Ela deu-lhe as costas.

— Quanto tempo ainda falta para que seu primo venha me prender?

Luke podia ler nos olhos dela que Jasmine ia fugir. Pelo jeito como se afastara, para que não pudesse tocá-la, se quisesse. Pela maneira como mantinha o olhar na porta da frente e, em seguida, por sobre os ombros, em direção às escadas.

Estava calculando como poderia correr até lá em cima, apanhar o filho, e correr pela noite sem que ele fosse capaz de impedi-la. Seus olhos estavam tão arregalados e inundados de dor que ele sentia piedade só de olhar para ela.

Não fez o menor gesto em sua direção, porque sabia que Jasmine iria escapar como se perseguida por todos os demônios do inferno, se o fizesse. Em vez disso, Luke ergueu as mãos espalmadas, encar ando-a.

— Ninguém está vindo prendê-la. Garrett apagou todos os comandos e saiu da sala antes que alguém pudesse ver o monitor. Não quis se colocar na posição de ter de escolher entre cumprir a lei e manter a palavra que me deu.

— Como se houvesse entre o que escolher...

— Tem razão, não deveria haver. Meu primo preferiu descumprir a lei para que pudesse manter a palavra empenhada. Arriscando seu emprego, e até, o que é bem provável, perdendo-o. E, na dúvida, como prefere não ficar desempregado por causa disso, julgou melhor dar as costas ao fato. Acho que os políticos chamam a isso de "negação plausível". Jasmine estreitou os olhos, duvidando dele, Luke sabia disso.

— Olhe, Garrett estava lá, não estava? Se ele quisesse prendê-la, já teria feito isso. Meu primo confia em meu discernimento, e não acredito que você seja uma assassina. Quero examinar a ordem de prisão até que possamos esclarecer os fatos. E Garrett... tanto quanto sei, para ele, Jenny Lee Walker está viva e com saúde, de pé aqui em minha sala.

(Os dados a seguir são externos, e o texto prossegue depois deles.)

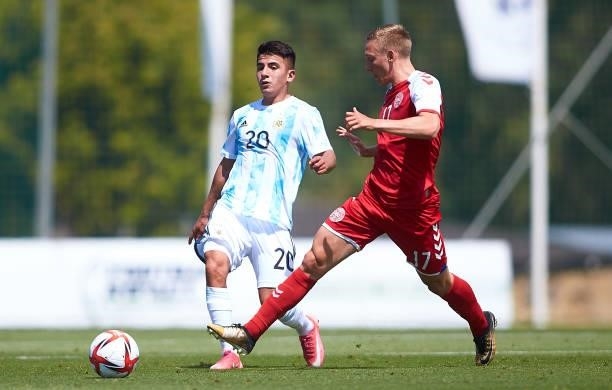 Emil Frederiksen of Denmark U21 competes for the ball with Thiago Almada of Argentina U23 during a Friendly International Match between Denmark and...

Jasmine pestanejou, e Luke percebeu que parecia um pouquinho mais aliviada.

— Por que acredita em mim, Luke? — Exalou um profundo suspiro. — Você não sabe nada sobre mim, a não ser que sou uma mãe solteira, uma stripper, uma mentirosa, uma completa desmiolada...

O corpo dela tremia agora, e estava a um passo de cair era pranto.

Luke avançou devagar, cada vez mais perto, e colocou as mãos nos ombros dela.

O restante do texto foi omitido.